# New goat barn 90% complete!



## seachick (Jun 2, 2010)

First of all I would like to thank everyone who offered advice and feedback while I was designing my little barn  I'm almost finished - just have to finish siding one last wall and build a roof over the goats' porch before winter. And re-do the fencing. But it's nearly finished and I LOVE it so much. I kind of just want to hang out in there all the time!

This barn is designed for 2 does and their kids (temporarily). I did not figure in goat math, though. Now I'm pretty sure I'd like 3 does. I'll have to see how this winter goes and if it's enough space for one more.

The design allows for the L-shaped pen zone to be separated into three smaller stalls. Currently, the 2 doelings have 2 of the "stalls" opened up into one large one. I'm using the third for hay/shavings/storage, but that stuff can be moved out when I need a kidding pen. I made removable separating panels out of a dog playpen I got from Craigslist. I have hay storage for 50 bales in the loft. The smaller attached structure is the chicken coop. There's a pet door for the barn cat, Fennec. (He thinks he's a goat and sleeps with them, rather than in his little heated box, though!)


----------



## ksalvagno (Oct 6, 2009)

Wow! That is super nice! Great job!


----------



## happybleats (Sep 12, 2010)

How Lovely!!


----------



## NigerianDwarfOwner707 (May 17, 2018)

Lovely!!


----------



## groovyoldlady (Jul 21, 2011)

That's not a barn, That's a she-shed palace of delight!!!


----------



## GoofyGoat (Sep 21, 2018)

Amazing little barn no wonder you're thrilled


----------



## toth boer goats (Jul 20, 2008)

That is amazing, it should be in a magazine.

The goats are so spoiled.


----------



## MellonFriend (Aug 8, 2017)

:hubbahubba:


----------



## SalteyLove (Jun 18, 2011)

Seriously stunning... I'm going to burn my barn down right now in envy 

Also the diagonal bars in front of the hay rack tray are so genius, I need a few to keep them from sleeping there.


----------



## seachick (Jun 2, 2010)

groovyoldlady said:


> That's not a barn, That's a she-shed palace of delight!!!


Right??!?!?!? I'm getting NO work done because I just want to sit out there!


----------



## seachick (Jun 2, 2010)

SalteyLove said:


> Seriously stunning... I'm going to burn my barn down right now in envy
> 
> Also the diagonal bars in front of the hay rack tray are so genius, I need a few to keep them from sleeping there.


The breeder I got one of my does from, Rosasharn Farm in MA, suggested those.
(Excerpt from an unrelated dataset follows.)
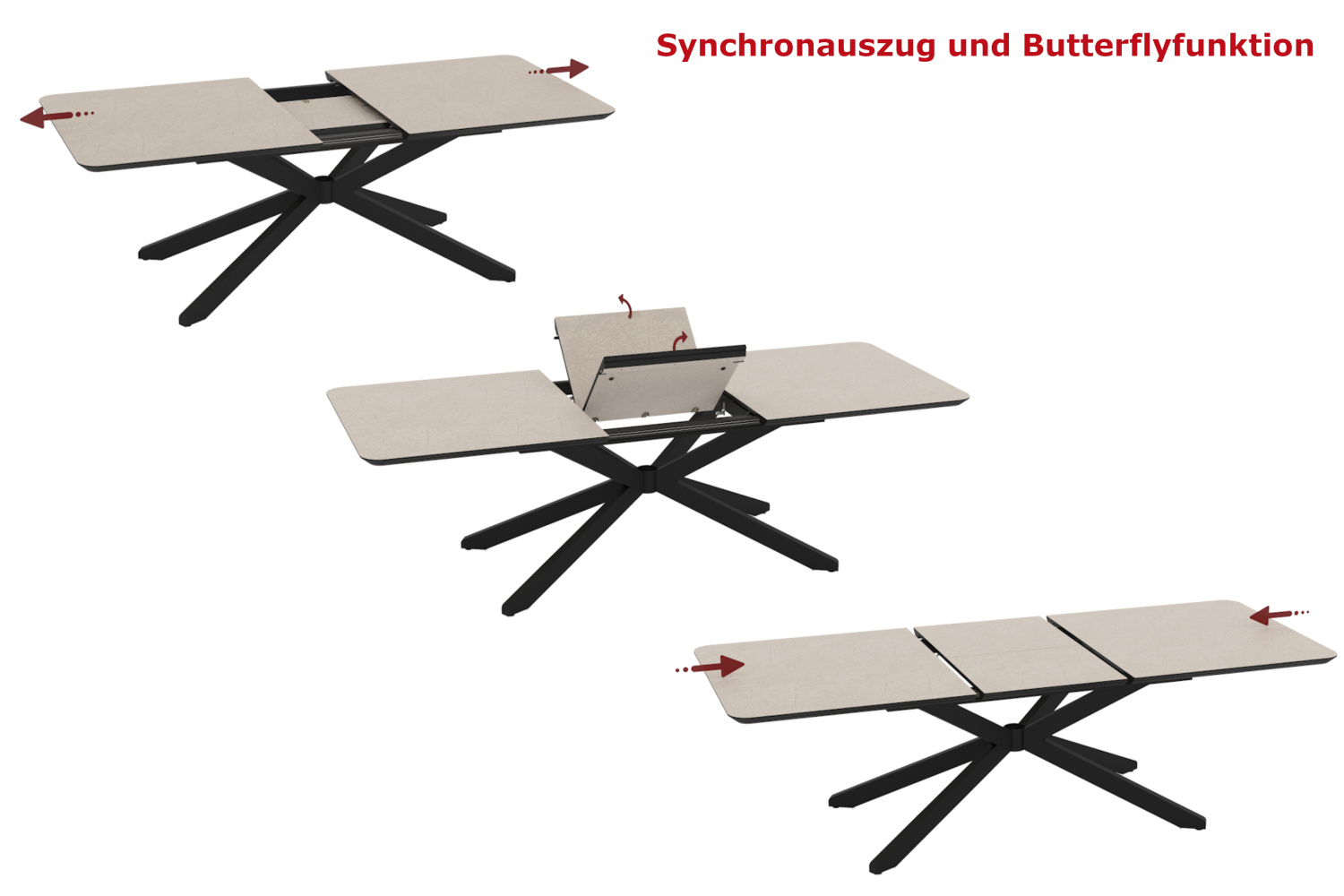 Стол обеденный Ancona T раскладной. 1900-2500*1030*750 мм (КАШЕМИР / ЧЕРНЫЙ. Ш 1900-2500 * Г 1030 * В 750 мм)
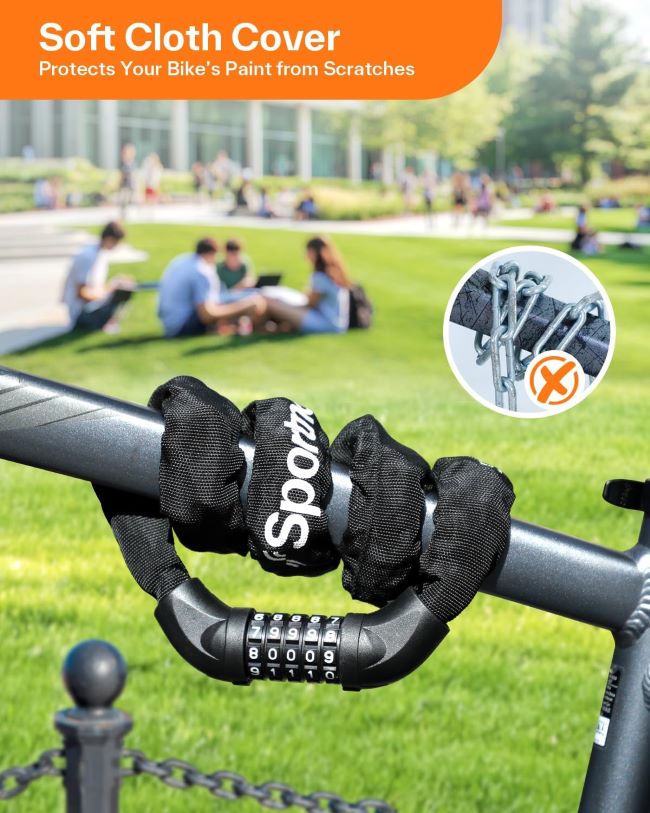 Heavy-duty Sportneer bike lock with keyless combination for anti-theft protection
Right now they can reach their little heads in easily, but theoretically when they are bigger they have to tilt their heads sideways to get in/out of the bars which makes eating more intentional and less waste.


----------



## toth boer goats (Jul 20, 2008)

(thumbup)


----------



## Iluvlilly! (Apr 6, 2019)

:inlove:


----------



## Goat Whisperer (Dec 3, 2018)

I think I'll move in too  

Looks fantastic!


----------



## Goats Rock (Jun 20, 2011)

Wow, very nice!


----------



## NigerianNewbie (Jun 6, 2018)

Awesome barn, good use of the vertical spaces, like the added decorative touches.


----------



## SandyNubians (Feb 18, 2017)

Holy wow, it's beautiful! ohlala:


----------